The mouse enters the cage to take a bite. No sooner does he touch the morsel with his teeth, than the trip wire releases the door and it slams shut behind him, before he can turn his head.

It takes a mouse several hours to realise that he is a prisoner, unhurt, in a cage measuring 18cm. by 9cm. After that, something in him never stops trembling.

and yet...

the natural condition is one of insurmountable obstacles on the road to imminent disaster [...] strangely enough it all works out in the end. 

and still i trust: all shall be well, and all shall be well, and all manner of thing shall be well.

17 August 2020

0 breaking news


i have a full-time teaching job. 

allegedly. apparently. so it seems. 

you know i'mma commit to nothing out of fear that nothing'll commit to me, so i approach this thing that actually does seem to be happening with extreme caution. 

but if i were a believing person, i'd say i basically have a full-time teaching job. by which i mean i do. basically. maybe. probably. totally. 

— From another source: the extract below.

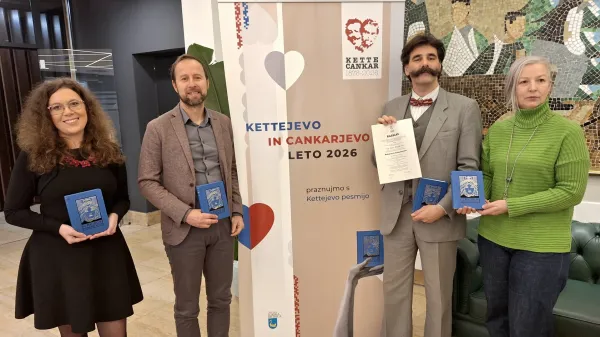 Aneja Rože Kravanja (Strokovna sodelavka občine), župan Ilirske Bistrice Gregor Kovačič, Ivan Cankar alias Damjan Debevec in Helena Primc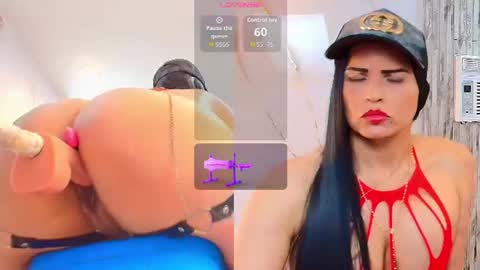Snapshot of isis_car0lina chatting on June 17, 11:23 am Isis car0lina online show from June 17, 11:23 am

plus another class at another university. as, like, a cherry on top. 

because, in the sundae of teaching, who is to say what is too much! 

it takes an i-9 for me to feel like this is real. it takes me scrolling past the boxes in which i would declare myself an "alien" if i were not born here to feel like this is true. 

once upon a time i wanted to be a veterinarian, but today i took claudie in for his checkup and the vet had to pop a zit on his chin (which meant she was basically just dr. pimple popper, non?) and i feel like i made the right choice with my life. 

i email lindear to tell her that, because she is already the end of life care friend named in my will, she is also the emergency friend listed in my hiring paperwork. in her reply, she references"the boner on [my] chest." reading that text, i suddenly just know that her name is dolores. the boner on my chest is named dolores. welcome. 

in seven days, i am meeting i do not know how many students in a virtual classroom to which i do not have access because i have not yet been fully onboarded. 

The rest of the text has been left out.